The irony, however, does not escape us: Bangladesh’s booming economy is based on a system that forces its own children to go hungry year in and year out. Millions live on subsistence income; hundreds and thousands of children grow up stunted and malnourished. The law of capitalist economy requires growth and development to be heterogeneous-- while new shopping malls are being built and are quickly crowded with the overfed rich, jostling over gaudy, glitzy expensive clothes; we still have to live with the sight of famished, bone-all Masumas sleeping in the footpath. In this cruel city of over one crore, they are the silent, invisible majority. The path to free them from the clutches of the double-headed monster of poverty and exploitation remains a long and treacherous one.
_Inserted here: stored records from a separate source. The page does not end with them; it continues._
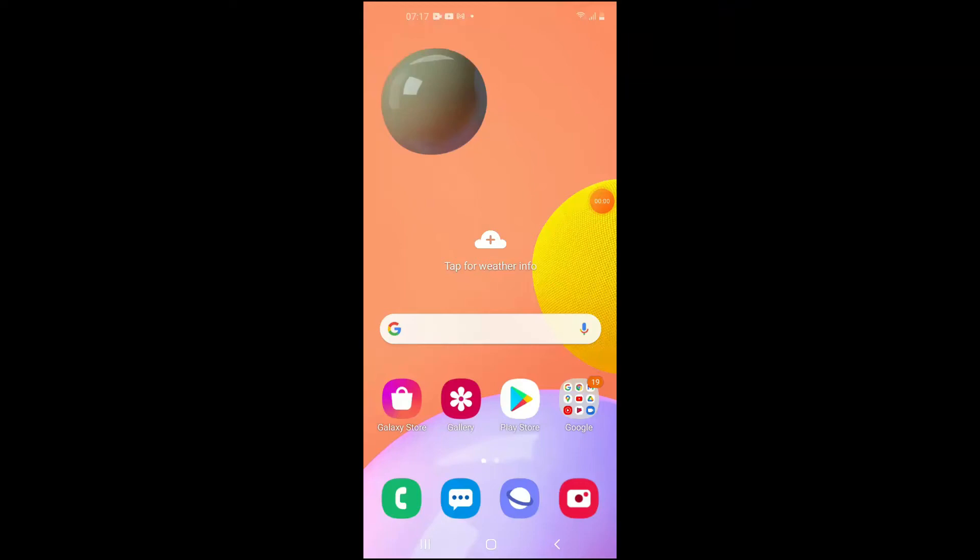Hello, welcome to Simple Answers. I'm your host Jason, and in this video I'll be showing you how to disable Samsung Internet on Android.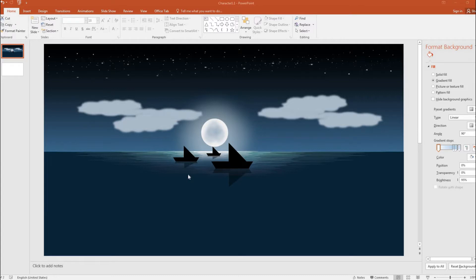Hello guys, welcome to another tutorial of how to draw using PowerPoint. In this video we are going to see how we can draw a moonlight ocean picture with PowerPoint. If you are new to my channel, please subscribe and also hit the bell icon so that you don't miss out on similar videos in future. Let's get started.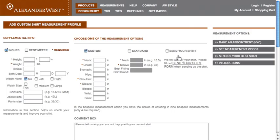There's also the Standard option, which only needs your neck and sleeve measurements. But if you already have a shirt that fits great, you can select the Send Your Shirt option to send it to them, and they'll take the measurements from that.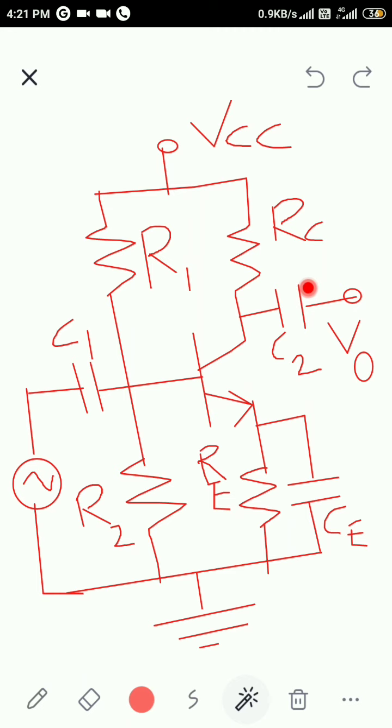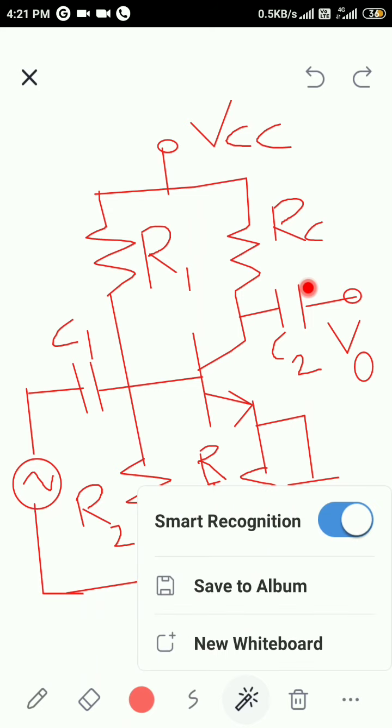To filter out the DC signal, we use coupling capacitors where the coupling reactance should be very small. For that purpose, we have to apply a high frequency signal.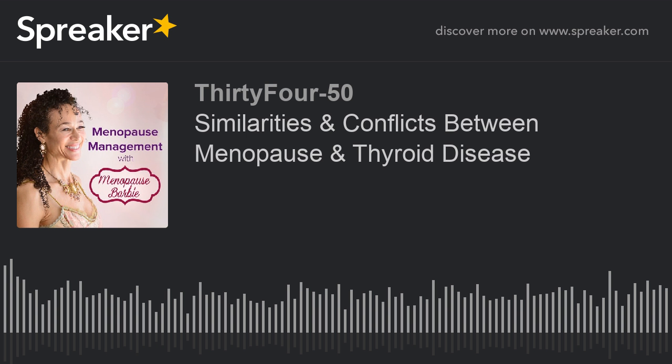If you discover that you do have thyroid disease, whether it's hyper or hypothyroidism, you will need to take thyroid hormones to correct the problem, and you will need to take them for the rest of your life. Any hormone deficiency or hormone excess requires getting your hormones back to normal. Your doctor will determine the correct dosage so that your thyroid returns to its normal level of function, and that may take some adjustments to get the perfectly right dosage.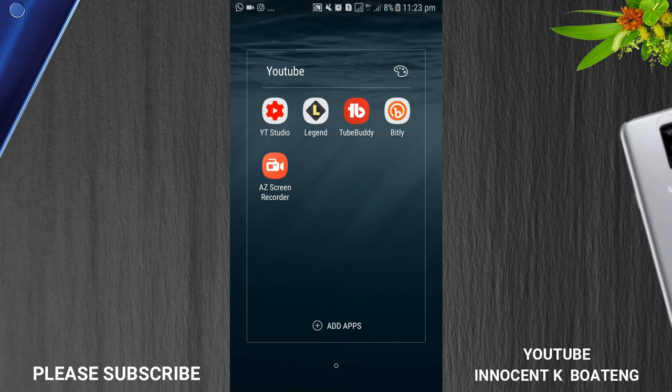So those are my best five apps that I use on my phone for YouTube aside from the normal YouTube app. There are other apps like thumbnail maker, Canva, you can use that also for channel arts and banner and so many great things.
“The boom has taken place because of the small and medium enterprises (SME), the growth of the garment industry and the remittance sent from abroad by migrant workers,” says MM Akash, economist and teacher of Dhaka University. The consumers of these locally made products belong to the lower and middle classes, who, he says, if are given proper government help, can work wonders. One reason why the SMEs have flourished in the country is because certain import restrictions are in force. “All the SMEs produce goods and commodities are import substituting, or they supply the raw materials to small agro-based industries,” he says. If these small enterprises are given the driver’s seat, they will generate more growth and the benefit of it will trickle down to the bottom. “The government should make bank loans cheap and easy for local small industries. It must also create cooperatives of small farmers and weavers and the government has to take the responsibility of marketing their products so that middlemen like big retail stores cannot exploit them,” Akash says.
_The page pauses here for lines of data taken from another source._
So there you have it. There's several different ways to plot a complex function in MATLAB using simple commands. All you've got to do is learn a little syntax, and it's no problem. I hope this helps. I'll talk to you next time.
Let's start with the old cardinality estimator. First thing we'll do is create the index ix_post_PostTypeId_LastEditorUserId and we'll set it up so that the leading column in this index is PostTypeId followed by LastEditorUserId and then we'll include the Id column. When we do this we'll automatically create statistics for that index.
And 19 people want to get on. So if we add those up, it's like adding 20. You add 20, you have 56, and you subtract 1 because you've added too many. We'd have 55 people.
In fact in an economy like ours cooperatives and guilds owned by the farmers and small investors are necessary to relieve the burden of import expenditure. As their produces are primarily import substituting, encouraging their growth will mean more employment opportunities, which for its turn will generate demand.
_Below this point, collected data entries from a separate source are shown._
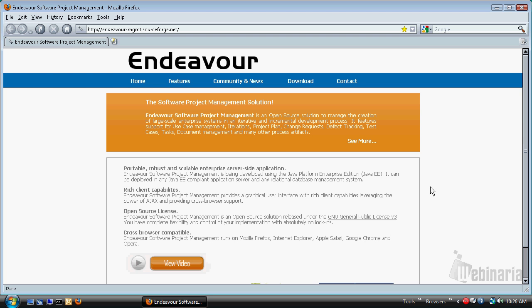Hi, welcome to the Endeavor getting started quick demonstration. Basically, the goal for this session is to give you an idea of how easy it is to get started using Endeavor.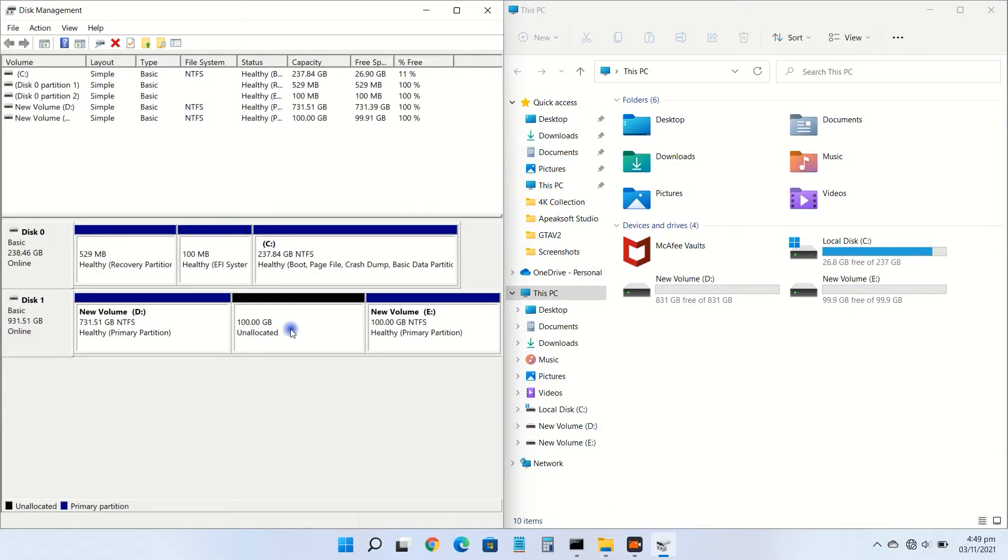Now if you want to create a new volume from this unallocated storage, right click on it and then click on new simple volume.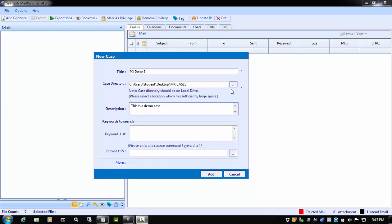Welcome to the SysTools Mail Examiner version 4.8.5 Features and Functionality video series. In this video, we will demonstrate how to add keyword lists, and then we will work with the keywords on the Keywords tab in Mail Examiner.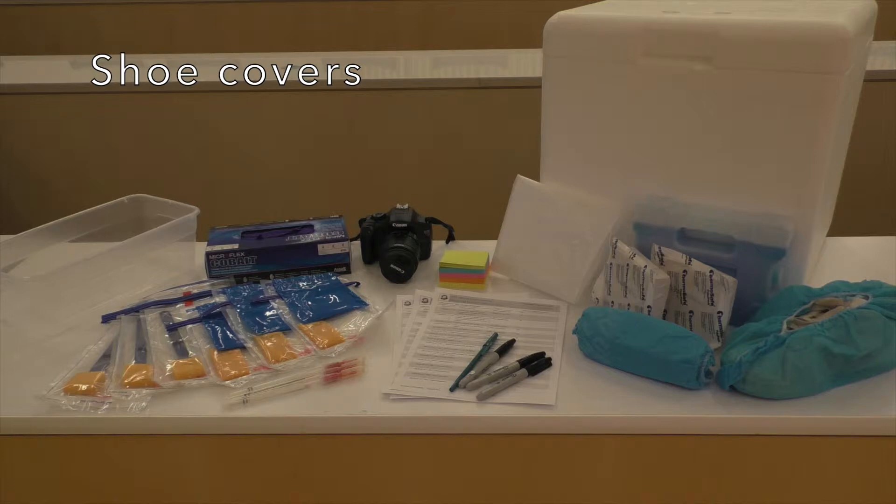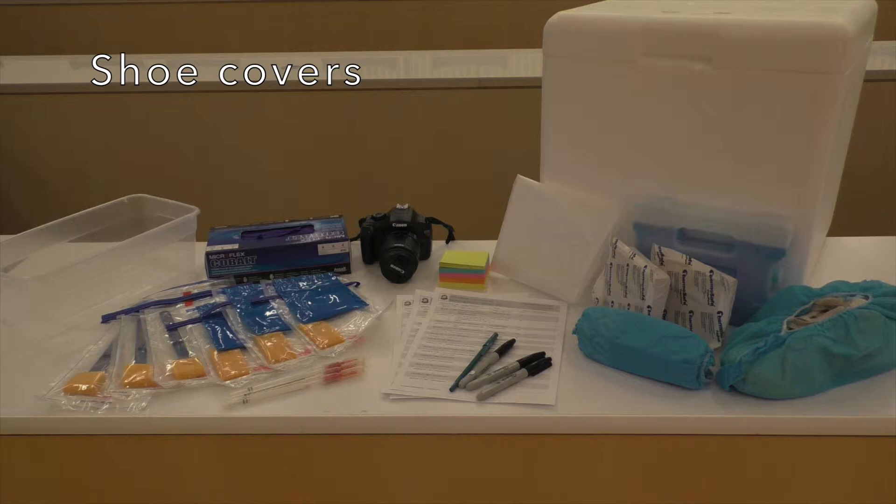For example, you may want to wear shoe covers if it is a required procedure in a facility or if you are worried that facility personnel may raise concerns about cross-contamination. You'll also need a container to transport all of your sampling supplies.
Akash has made scathing remarks on the outlets that buy products from small producers only to sell it at a higher price. “They add value to the products that the poor weavers produce and market them at a higher price,” he says, “In the long run this process leaves the producers exploited.” He thinks it is high time that these outlets give up its ownership to the weavers and small producers who produce all its products. “Grameen Check is owned by the weavers, if Grameen can do it, why will other such organisations will remain an exception?”
To strengthen the growth and sustainability that our economy has been enjoying over the last couple of years, the government must take concentrated steps. One wrong decision can ruin everything. “If now,” Akash says, “the government lifts the restrictions following some dictums of the World Bank and open our market to cheap substandard Chinese goods, our SME-based growth, which has so far grown steadily, will not sustain.” Inflow of remittances, on the other hand, does not go to the productive sector. The government can take certain measures that will increase non-resident investments.
Taking the right steps in the right direction to sustain the demand for Bangladeshi products can be the first step towards autarky. It means that Masuma's freedom from hunger and poverty is entwined with Bangladesh’s economic independence.